#### [WORK INSTRUCTION]
Find the word "Photo" in the data. Return every line where it appears.

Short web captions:
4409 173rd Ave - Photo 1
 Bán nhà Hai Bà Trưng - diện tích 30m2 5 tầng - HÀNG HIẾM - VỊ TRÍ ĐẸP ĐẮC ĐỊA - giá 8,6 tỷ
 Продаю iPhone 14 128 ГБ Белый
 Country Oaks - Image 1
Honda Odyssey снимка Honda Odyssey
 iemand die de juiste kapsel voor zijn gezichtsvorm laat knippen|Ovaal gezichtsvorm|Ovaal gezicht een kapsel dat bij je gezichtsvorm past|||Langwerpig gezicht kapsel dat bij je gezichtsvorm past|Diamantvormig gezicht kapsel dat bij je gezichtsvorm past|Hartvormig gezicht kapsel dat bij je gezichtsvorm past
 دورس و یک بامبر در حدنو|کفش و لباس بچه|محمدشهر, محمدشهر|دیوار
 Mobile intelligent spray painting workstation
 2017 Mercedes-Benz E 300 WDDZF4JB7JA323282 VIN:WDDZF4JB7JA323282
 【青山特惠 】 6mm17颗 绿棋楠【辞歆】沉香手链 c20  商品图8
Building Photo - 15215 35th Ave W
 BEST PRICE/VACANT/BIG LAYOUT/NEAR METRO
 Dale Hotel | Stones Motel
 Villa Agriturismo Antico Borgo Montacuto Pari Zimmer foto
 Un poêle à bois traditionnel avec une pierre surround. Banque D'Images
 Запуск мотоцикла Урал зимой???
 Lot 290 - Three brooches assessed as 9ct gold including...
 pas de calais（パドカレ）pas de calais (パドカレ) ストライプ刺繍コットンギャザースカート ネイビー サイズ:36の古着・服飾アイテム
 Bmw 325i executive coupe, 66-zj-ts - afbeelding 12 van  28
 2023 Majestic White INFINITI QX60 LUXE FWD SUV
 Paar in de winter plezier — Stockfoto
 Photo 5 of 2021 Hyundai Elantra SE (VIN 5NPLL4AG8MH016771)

#### [RESPONSE BELOW]
4409 173rd Ave - Photo 1
Building Photo - 15215 35th Ave W
 Photo 5 of 2021 Hyundai Elantra SE (VIN 5NPLL4AG8MH016771)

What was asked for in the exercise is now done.